Companies in the US added 196,000 workers in January, according to this morning’s report from the Labor Department. The gain beat expectations for a 172,000 increase, according to Econoday.com’s consensus forecast. The stronger print for the private sector isn’t really a surprise, considering the upbeat gain in the ADP Employment Report for January that was released earlier in the week. Today’s results reflect ongoing strength in the labor market, but the annual trend continues to signal that job growth, while still healthy, continues to decelerate.

Private-sector payrolls increased 1.70% for the year through last month, down slightly from 1.75% in the previous month. No big deal?
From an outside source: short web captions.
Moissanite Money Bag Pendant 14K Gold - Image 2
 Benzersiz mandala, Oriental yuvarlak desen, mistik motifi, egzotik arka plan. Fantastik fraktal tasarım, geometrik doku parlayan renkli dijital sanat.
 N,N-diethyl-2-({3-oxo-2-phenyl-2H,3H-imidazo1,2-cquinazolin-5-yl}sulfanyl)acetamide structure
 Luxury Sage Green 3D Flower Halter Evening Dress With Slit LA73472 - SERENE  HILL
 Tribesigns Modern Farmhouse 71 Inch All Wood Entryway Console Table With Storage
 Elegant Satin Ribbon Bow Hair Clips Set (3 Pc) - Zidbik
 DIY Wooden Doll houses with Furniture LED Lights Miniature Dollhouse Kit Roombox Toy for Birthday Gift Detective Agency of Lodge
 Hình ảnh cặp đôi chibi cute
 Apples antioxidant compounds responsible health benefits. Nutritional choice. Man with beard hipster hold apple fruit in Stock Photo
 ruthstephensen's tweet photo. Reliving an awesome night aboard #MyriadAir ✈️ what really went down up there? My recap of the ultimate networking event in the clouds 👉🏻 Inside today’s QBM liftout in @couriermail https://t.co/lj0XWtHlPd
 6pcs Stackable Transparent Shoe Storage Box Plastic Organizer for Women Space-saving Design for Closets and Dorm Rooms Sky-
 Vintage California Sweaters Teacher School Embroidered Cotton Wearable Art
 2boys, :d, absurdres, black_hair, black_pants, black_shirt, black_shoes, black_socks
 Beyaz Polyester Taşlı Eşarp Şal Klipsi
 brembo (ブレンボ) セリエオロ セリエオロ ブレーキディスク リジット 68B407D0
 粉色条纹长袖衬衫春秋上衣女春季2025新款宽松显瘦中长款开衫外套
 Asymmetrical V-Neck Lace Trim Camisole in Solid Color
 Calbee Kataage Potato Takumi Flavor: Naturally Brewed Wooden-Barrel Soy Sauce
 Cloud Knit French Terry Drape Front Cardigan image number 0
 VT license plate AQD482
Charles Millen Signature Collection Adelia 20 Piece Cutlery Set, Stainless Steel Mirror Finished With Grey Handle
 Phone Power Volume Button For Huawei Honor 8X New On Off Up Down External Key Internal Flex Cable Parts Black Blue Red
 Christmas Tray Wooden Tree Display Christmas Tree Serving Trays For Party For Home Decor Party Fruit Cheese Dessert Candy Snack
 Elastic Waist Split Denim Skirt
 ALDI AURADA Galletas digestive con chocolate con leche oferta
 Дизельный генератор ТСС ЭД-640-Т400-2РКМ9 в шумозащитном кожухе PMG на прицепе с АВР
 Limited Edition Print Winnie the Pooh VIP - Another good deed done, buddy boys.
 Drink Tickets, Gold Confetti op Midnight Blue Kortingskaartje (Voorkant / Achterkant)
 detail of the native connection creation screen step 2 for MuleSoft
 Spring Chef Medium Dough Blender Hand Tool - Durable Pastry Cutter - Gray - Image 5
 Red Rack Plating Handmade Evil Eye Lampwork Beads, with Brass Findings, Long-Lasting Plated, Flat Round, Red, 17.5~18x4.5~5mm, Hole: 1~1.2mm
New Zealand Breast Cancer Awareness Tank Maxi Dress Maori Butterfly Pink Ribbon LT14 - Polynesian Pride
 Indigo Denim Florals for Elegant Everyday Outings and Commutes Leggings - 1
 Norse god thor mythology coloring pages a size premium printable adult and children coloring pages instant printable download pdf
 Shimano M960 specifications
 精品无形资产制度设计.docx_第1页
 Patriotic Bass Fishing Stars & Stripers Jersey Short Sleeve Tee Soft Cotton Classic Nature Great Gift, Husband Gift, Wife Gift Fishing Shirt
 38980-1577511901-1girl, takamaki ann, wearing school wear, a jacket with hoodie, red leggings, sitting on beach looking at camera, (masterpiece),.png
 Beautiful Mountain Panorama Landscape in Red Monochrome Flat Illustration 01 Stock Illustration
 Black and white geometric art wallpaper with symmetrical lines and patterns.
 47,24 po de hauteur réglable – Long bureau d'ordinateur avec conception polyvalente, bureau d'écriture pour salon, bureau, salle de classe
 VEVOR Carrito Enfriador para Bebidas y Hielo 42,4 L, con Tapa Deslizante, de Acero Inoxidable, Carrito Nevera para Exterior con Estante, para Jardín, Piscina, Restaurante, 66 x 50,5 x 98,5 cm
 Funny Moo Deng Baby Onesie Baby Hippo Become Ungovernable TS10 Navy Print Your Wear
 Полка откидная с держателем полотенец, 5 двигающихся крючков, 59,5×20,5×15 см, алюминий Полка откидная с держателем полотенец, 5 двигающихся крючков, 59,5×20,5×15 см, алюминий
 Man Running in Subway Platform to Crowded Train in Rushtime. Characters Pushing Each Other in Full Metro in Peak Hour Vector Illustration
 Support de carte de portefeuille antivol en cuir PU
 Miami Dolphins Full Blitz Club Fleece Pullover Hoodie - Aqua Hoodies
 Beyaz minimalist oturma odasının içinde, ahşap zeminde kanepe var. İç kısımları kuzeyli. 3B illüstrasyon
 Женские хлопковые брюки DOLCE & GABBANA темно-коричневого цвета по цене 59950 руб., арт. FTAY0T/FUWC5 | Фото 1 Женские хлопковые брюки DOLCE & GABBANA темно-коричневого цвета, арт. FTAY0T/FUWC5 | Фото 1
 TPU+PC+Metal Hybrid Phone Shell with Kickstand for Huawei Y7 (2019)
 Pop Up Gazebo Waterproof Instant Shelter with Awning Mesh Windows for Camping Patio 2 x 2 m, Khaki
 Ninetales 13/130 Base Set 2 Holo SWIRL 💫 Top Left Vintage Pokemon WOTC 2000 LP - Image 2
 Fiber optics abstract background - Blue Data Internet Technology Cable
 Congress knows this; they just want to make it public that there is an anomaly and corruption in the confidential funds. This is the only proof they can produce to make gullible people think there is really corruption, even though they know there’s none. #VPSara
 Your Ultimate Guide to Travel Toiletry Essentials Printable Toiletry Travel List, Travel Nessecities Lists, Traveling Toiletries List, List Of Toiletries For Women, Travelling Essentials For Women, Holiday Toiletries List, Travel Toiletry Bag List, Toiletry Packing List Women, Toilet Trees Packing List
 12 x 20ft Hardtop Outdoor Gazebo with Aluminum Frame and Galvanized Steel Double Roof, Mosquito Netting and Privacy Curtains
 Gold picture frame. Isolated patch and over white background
Maybe, although the latest year-over-year advance marks the second-slowest annual rise in seven years. For context, the smallest annual increase since 2011 was posted last September, when private payrolls rose 1.62%.

Let’s be clear: there’s no immediate concern in today’s year-over-year results. A 1.70% increase is a solid pace that’s strong enough to keep the economy humming. But today’s numbers suggest that labor-market growth is facing headwinds at this late date in the business cycle. The expansion is currently the third-longest on record, according to NBER, and will move into second place this April. If the recovery endures through the summer of 2019 it will become the longest expansion on record, which dates to the mid-19th century.

There’s still no sign of recession risk on the immediate horizon, but it’s prudent to recognize that the recovery from the Great Recession is no spring chicken. It’s debatable if age alone is a risk factor – many economists have their doubts. But with the Federal Reserve on track to continue raising interest rates, combined with a flattish yield curve and faster wage growth (worker pay in January rose at the fastest rate in eight years), it’s reasonable to wonder if the macro headwinds are set to strengthen in the months ahead.